EXERCISE REQUIREMENTS -> Beginning with the line containing "(2026/A)(SECRE" and ending at the last line of the data, set down every line exactly, leaving out all pictures.
(DATA UNDER STUDY begins)
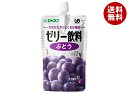 キューピー ジャネフ ゼリー飲料 ぶどう 100gパウチ×8本入| 送料無料 ブドウ ぶどう 葡萄 グレープ ゼリー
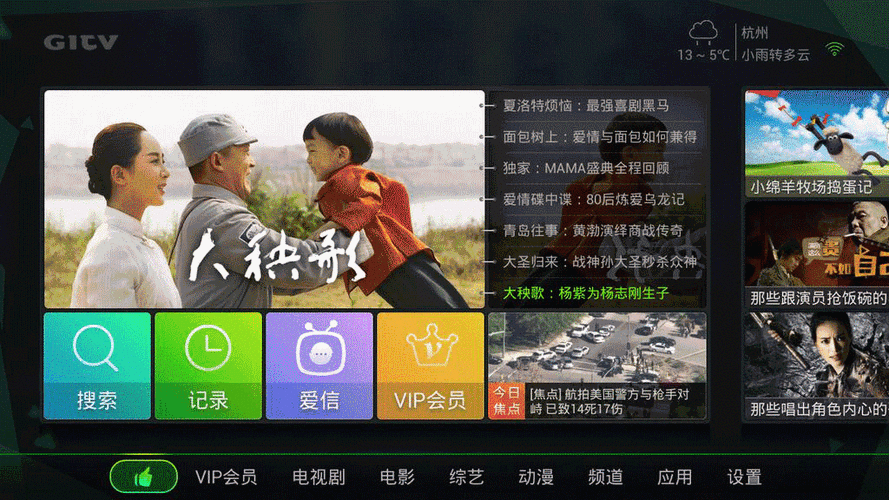 江苏广电荔枝TV改名了吗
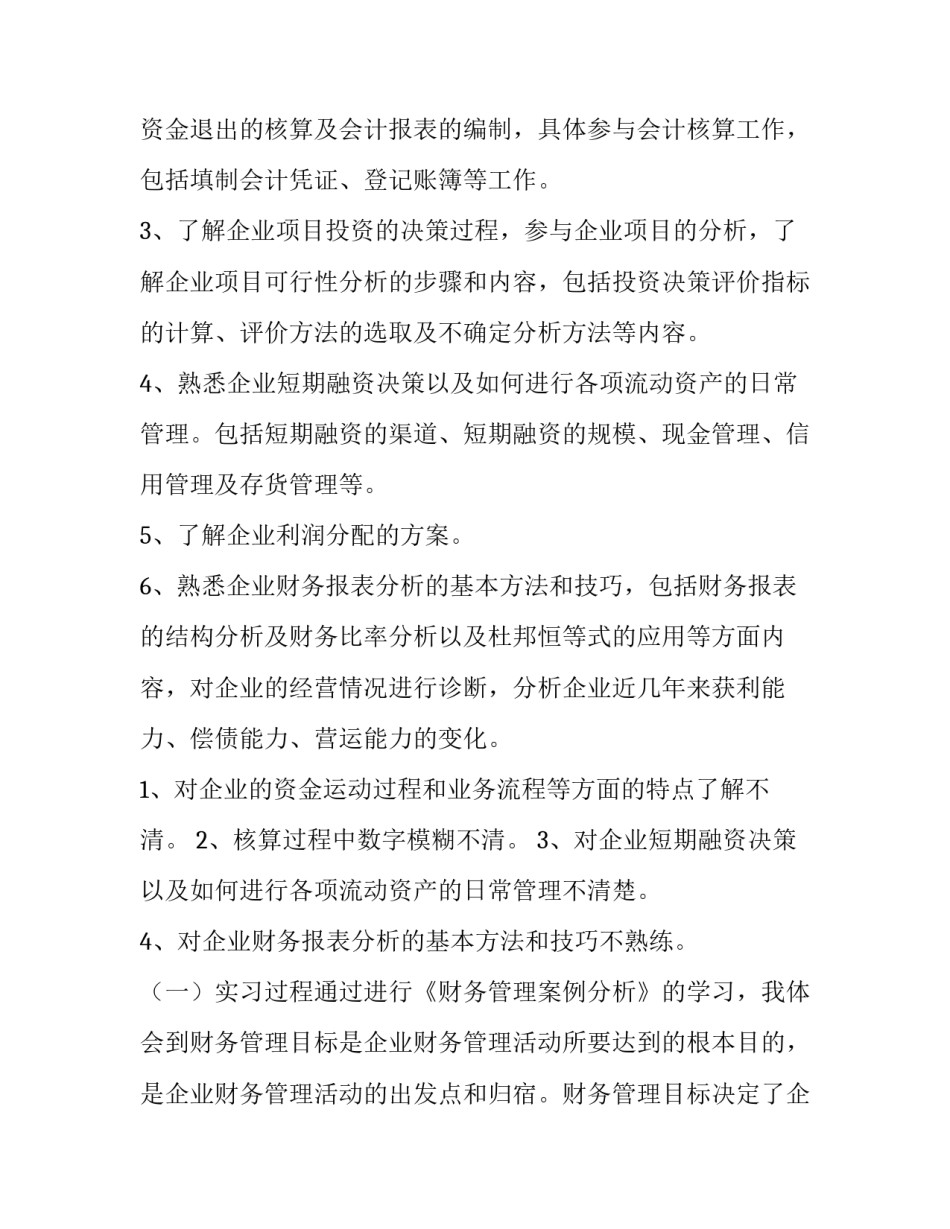 2023年财务经理实训报告(十篇)_第2页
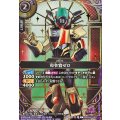 (2026/A)(SECRET/金箔押し)司令官ゼロ【C-SEC】{26RSD07-001}《紫》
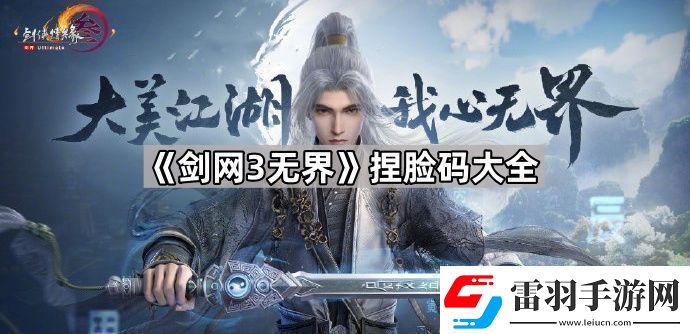 剑3无界捏脸数据分享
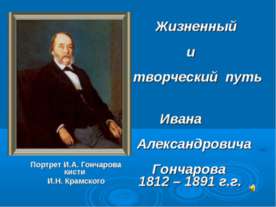 Жизненный и творческий путь Ивана Александровича Гончарова 1812 – 1891 г.г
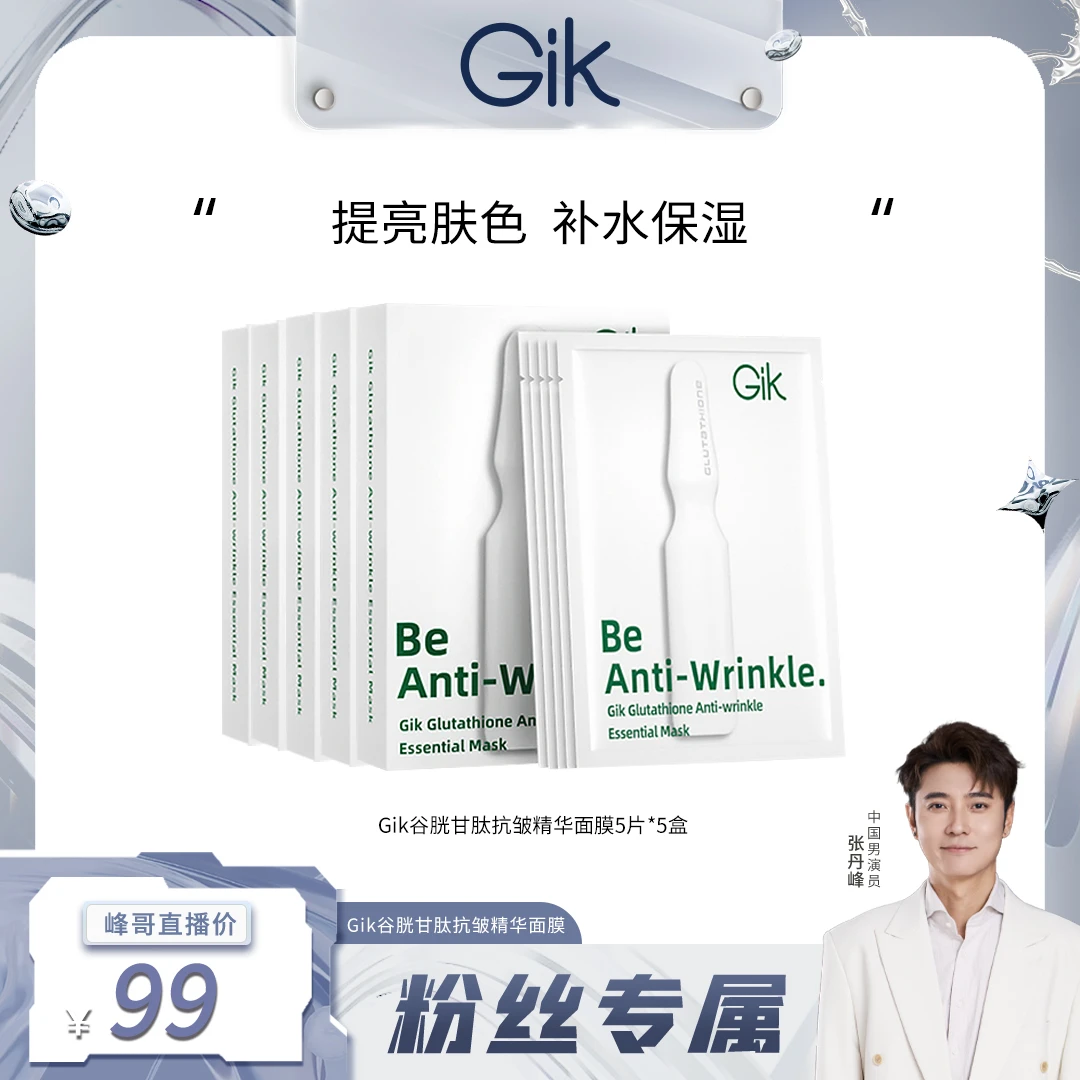 【粉丝专享】Gik谷胱甘肽抗皱精华面膜30ml*5片/盒 韩国进口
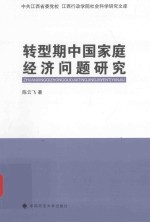 转型期中国家庭经济问题研究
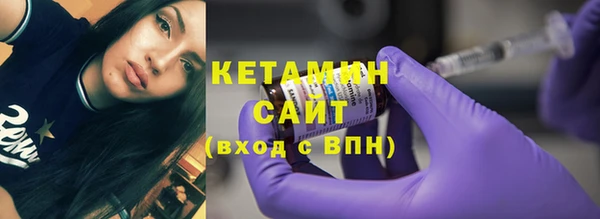 мяу мяу кристалл Нея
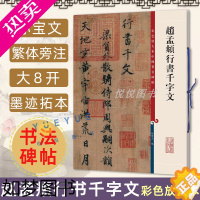 [正版]赵孟頫行书千字文 彩色放大本中国著名碑帖繁体旁注赵体行书毛笔软笔练字帖临帖赵孟俯书法临摹帖古帖墨迹本书籍 上海辞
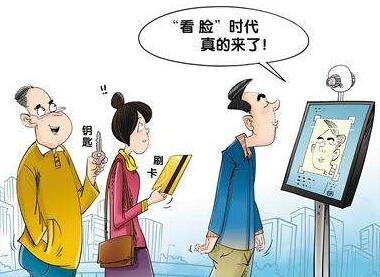 QQ截图20170915095517 QQ截图20170915095517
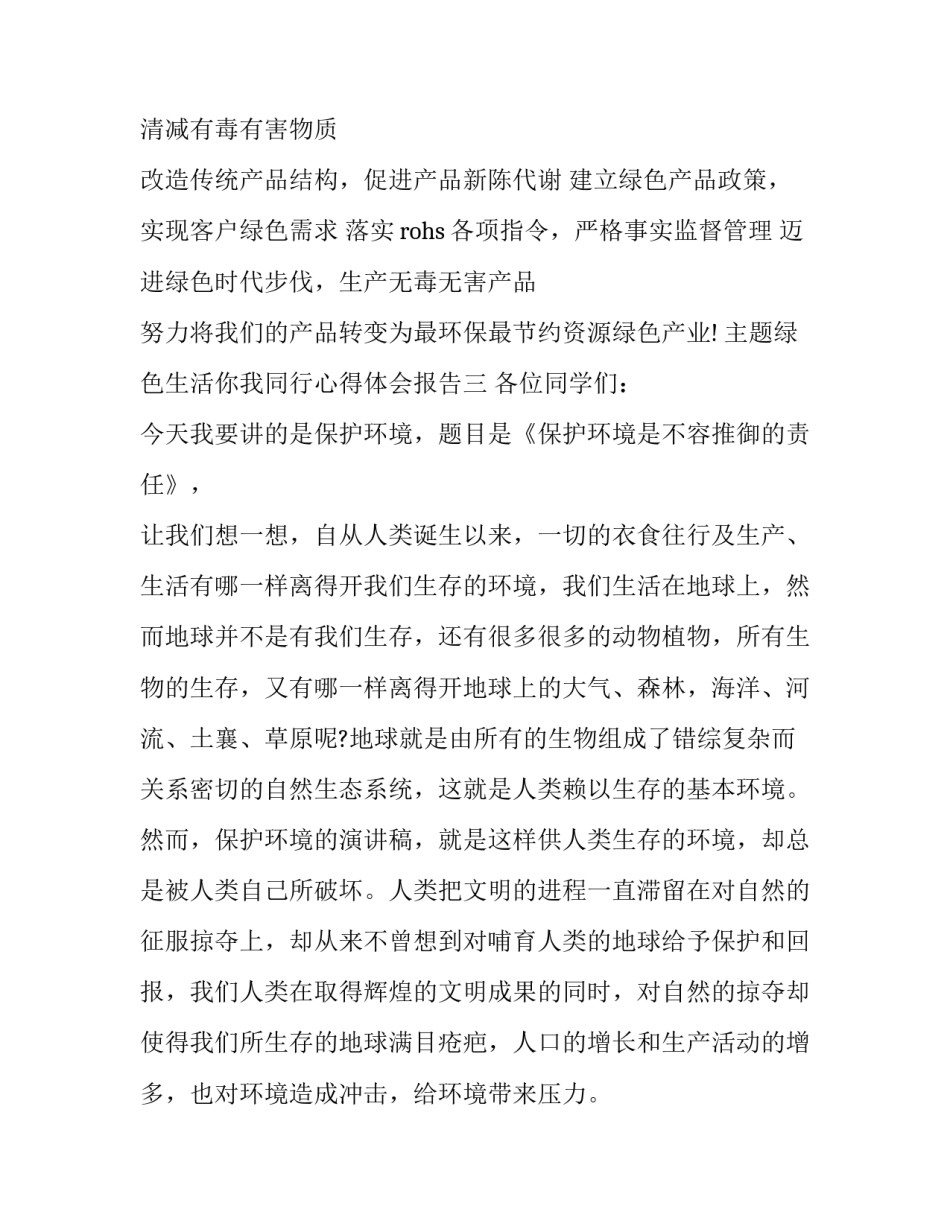 绿色生活你我同行心得体会报告 绿色生活你我同行作文(5篇)_第3页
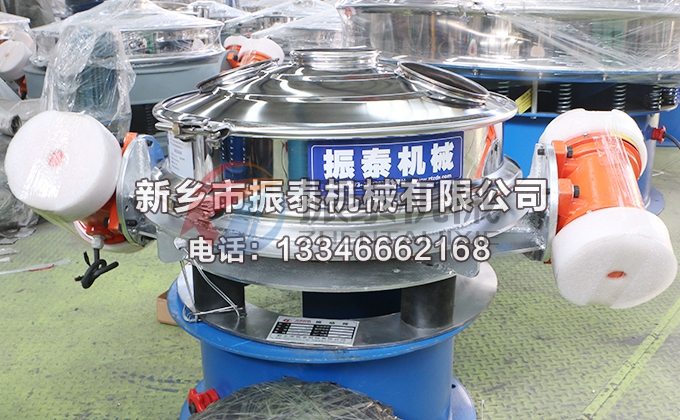 鋰電池材料直排式振動(dòng)篩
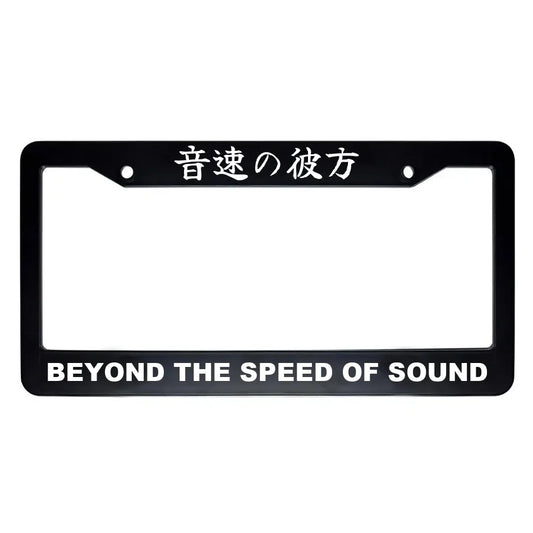 Beyond the Speed of Sound ABS Black Plastic Kanji Japanese License Plate Frame - White Text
(DATA UNDER STUDY ends)
PROBLEM SOLUTION ->
 (2026/A)(SECRET/金箔押し)司令官ゼロ【C-SEC】{26RSD07-001}《紫》
 剑3无界捏脸数据分享
 Жизненный и творческий путь Ивана Александровича Гончарова 1812 – 1891 г.г
 【粉丝专享】Gik谷胱甘肽抗皱精华面膜30ml*5片/盒 韩国进口
 转型期中国家庭经济问题研究
 мяу мяу кристалл Нея
 [正版]赵孟頫行书千字文 彩色放大本中国著名碑帖繁体旁注赵体行书毛笔软笔练字帖临帖赵孟俯书法临摹帖古帖墨迹本书籍 上海辞
 QQ截图20170915095517 QQ截图20170915095517
 绿色生活你我同行心得体会报告 绿色生活你我同行作文(5篇)_第3页
 鋰電池材料直排式振動(dòng)篩
 Beyond the Speed of Sound ABS Black Plastic Kanji Japanese License Plate Frame - White Text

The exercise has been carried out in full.